J’avais 13 ans quand une équipe de documentaristes de Channel 4 a utilisé notre ferme comme base de camp pour réaliser un documentaire sur le compositeur Edward Elgar, qui parcourait les champs pour trouver l’inspiration dans son art. C’était ma première expérience face à une équipe de tournage et tous m’ont laissé jeter un œil derrière la caméra – ils avaient même une grue, c’était une chouette expérience. C’est ce qui m’a mené à la direction photo, bien qu’à l’époque, je n’aie aucune idée de ce que cela signifiait.
J’adorais aller au cinéma quand j’étais petite. J’étais dyslexique donc les films et les images m’ont toujours plus parlé que le monde de l’écriture. Je les trouvais évocateurs, plein de sens. La caméra est devenue l’outil qui me permet de m’exprimer artistiquement et de raconter des histoires – la photographie est pleine de couleurs, de textures et de contrastes d’où je puise mon inspiration. Elle est inépuisable et je suis très chanceuse de baigner dedans.
Tu es arrivée dans le milieu du cinéma très tôt en apprenant sur le tas. Quels bénéfices en as-tu tiré ?
Quand j’ai commencé, les films étaient encore shootés sur pellicule et pour se faire un trou dans le milieu, mieux valait s’en sortir seule. Il y avait bien quelques écoles de cinéma mais je n’étais pas tellement au courant de leur existence à l’époque. C’était un monde très éloigné du mien. Ce que je voulais, c’était être sur le tournage, faire partie d’une équipe, jouer un rôle et participer au processus du film, relever des défis à chaque instant.

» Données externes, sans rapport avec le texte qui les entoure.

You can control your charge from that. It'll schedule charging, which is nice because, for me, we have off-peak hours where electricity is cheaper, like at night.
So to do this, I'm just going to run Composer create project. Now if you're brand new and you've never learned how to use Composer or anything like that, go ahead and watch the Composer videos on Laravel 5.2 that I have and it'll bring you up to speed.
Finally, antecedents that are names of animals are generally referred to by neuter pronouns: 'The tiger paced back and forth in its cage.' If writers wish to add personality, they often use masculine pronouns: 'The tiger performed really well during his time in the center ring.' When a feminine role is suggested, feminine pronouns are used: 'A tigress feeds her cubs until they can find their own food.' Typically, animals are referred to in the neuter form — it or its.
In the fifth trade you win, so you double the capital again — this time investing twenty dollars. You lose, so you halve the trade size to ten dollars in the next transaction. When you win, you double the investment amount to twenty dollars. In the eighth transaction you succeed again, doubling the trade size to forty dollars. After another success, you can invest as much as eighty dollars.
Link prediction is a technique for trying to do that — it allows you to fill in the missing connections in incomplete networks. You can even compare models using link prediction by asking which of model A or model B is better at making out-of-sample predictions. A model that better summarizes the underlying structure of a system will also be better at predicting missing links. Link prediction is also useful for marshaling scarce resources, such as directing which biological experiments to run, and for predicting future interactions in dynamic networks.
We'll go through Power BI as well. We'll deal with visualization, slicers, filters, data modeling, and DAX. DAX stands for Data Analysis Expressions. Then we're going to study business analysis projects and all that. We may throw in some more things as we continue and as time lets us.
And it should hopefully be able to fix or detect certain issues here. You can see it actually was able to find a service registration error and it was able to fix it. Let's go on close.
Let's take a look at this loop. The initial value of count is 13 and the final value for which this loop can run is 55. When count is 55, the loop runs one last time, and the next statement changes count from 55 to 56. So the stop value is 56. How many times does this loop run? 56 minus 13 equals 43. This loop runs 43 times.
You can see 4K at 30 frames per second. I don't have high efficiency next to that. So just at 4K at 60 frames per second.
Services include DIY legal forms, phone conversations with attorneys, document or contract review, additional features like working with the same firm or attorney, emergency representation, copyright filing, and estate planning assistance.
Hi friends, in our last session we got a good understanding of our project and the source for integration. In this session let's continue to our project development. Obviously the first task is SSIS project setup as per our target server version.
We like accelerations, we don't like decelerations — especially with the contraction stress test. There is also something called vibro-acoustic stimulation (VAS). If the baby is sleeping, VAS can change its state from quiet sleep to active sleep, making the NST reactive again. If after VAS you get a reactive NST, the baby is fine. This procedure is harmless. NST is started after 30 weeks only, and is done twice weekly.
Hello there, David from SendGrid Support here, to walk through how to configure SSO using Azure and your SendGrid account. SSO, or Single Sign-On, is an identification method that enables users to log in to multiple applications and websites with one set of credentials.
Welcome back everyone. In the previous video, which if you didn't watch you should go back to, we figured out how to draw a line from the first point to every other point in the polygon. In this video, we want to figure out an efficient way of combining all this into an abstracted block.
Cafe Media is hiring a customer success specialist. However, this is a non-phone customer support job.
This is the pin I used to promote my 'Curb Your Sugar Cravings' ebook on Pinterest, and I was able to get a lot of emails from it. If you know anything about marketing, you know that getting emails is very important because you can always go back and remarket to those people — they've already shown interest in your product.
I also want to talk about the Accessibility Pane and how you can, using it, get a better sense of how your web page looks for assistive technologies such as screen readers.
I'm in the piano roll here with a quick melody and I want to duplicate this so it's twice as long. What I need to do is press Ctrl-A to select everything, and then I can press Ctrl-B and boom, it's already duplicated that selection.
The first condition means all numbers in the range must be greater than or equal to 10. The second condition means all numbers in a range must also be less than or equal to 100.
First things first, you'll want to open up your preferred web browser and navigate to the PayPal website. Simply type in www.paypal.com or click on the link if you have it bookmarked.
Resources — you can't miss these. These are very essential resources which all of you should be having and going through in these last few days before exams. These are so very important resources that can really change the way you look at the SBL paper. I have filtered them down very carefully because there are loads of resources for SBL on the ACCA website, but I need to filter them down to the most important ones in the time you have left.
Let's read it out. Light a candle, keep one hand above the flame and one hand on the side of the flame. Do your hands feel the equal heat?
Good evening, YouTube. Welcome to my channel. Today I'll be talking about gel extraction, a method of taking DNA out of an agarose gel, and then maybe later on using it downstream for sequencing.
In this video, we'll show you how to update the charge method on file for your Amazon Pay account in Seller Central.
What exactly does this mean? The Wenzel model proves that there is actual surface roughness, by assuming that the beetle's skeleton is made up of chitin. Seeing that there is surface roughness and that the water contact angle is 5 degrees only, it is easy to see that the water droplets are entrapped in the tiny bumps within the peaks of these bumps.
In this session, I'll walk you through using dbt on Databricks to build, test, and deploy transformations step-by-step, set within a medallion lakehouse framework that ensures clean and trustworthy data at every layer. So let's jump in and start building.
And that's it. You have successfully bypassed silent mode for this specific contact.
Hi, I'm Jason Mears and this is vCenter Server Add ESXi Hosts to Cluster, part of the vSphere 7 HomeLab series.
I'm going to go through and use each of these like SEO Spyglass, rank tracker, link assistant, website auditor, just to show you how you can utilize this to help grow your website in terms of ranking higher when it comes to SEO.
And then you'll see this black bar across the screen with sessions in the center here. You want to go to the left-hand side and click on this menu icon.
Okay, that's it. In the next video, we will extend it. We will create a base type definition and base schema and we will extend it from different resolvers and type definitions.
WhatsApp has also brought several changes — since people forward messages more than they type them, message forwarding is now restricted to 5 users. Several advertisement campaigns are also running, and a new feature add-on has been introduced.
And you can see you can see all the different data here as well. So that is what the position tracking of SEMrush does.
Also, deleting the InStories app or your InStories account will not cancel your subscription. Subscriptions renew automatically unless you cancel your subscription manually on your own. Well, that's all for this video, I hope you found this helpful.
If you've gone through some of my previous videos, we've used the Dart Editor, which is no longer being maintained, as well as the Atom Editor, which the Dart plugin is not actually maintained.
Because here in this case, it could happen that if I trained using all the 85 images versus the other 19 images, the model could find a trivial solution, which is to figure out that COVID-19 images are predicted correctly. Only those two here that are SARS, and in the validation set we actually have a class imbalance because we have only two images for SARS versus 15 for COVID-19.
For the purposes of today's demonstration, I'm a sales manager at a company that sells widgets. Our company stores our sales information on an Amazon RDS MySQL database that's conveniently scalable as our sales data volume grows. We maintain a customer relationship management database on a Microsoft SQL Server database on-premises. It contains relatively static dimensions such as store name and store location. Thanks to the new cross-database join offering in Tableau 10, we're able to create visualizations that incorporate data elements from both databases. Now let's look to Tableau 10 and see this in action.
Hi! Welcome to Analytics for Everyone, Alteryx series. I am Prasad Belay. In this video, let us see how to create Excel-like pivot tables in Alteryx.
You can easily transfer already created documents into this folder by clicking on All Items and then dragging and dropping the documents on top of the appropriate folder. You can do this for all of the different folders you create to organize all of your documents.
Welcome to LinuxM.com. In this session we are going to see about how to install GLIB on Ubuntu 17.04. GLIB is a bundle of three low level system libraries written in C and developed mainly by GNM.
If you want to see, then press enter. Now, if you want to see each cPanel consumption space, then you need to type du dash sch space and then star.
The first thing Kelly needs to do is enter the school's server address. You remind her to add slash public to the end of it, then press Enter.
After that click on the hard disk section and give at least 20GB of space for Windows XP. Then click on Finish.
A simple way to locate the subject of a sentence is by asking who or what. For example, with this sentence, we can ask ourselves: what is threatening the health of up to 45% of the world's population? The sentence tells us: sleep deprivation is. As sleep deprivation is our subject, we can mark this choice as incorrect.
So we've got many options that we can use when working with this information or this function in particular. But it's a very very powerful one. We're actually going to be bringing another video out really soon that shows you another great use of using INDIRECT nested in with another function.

J’ai appris à faire partie d’une équipe et rencontré des personnalités riches et très différentes. C’est une expérience qui n’a pas de prix – tous ces mentors qui m’ont conseillé et inspiré – et je ne serais pas la personne que je suis aujourd’hui sans ça. Ces expériences m’ont permis de respecter à sa juste valeur chacun des acteurs et composants d’un film.
Mais je dois bien avouer que ça n’a pas été simple de trouver du travail, de vivre. C’était une bataille permanente. J’ai été fauchée la plus grande majorité de ma vie. Gagner de l’argent avec ce que j’aime faire me comble et m’émeut.
Quels sont les sens que tu mets le plus à profit dans ton travail ?
Le truc avec le cinéma, c’est qu’il apprend à regarder le monde différemment, d’ouvrir ses yeux à des détails que personne ou presque ne remarque : un homme faiblement éclairé dans les rues de Katmandou, les reflets d’un verre ou les faisceaux de lumière qui traversent la fumée d’un barbecue. Partout où il y a de la vie, il y a de l’art.
Les souvenirs m’inspirent également – des pans de ma vie entière ont façonné la personne que je suis et toutes sont des expériences que je définirais de sensuelles : ma mère qui me portait dans ses bras enfant, l’amour de mon petit ami, la musique que j’ai écouté. Voir le monde à travers le prisme des cinq sens m’a permis de me construire en tant que personne.